Your objective — When you return the data, keep every word exact and include none of the images.

Available data —
^^^^^^^^^^^^^^^^
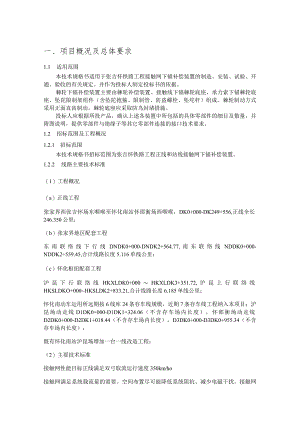 24.材料-标准化采购文件-接触网下锚补偿装置.docx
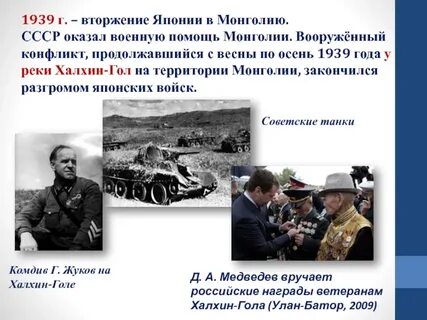 Конфликт на халхин
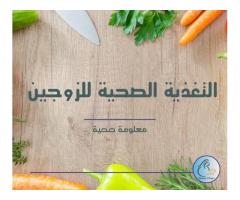 هيلا كلينك - Heela clinic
^^^^^^^^^^^^^^^^
Exercise response —
 24.材料-标准化采购文件-接触网下锚补偿装置.docx
 Конфликт на халхин
 هيلا كلينك - Heela clinic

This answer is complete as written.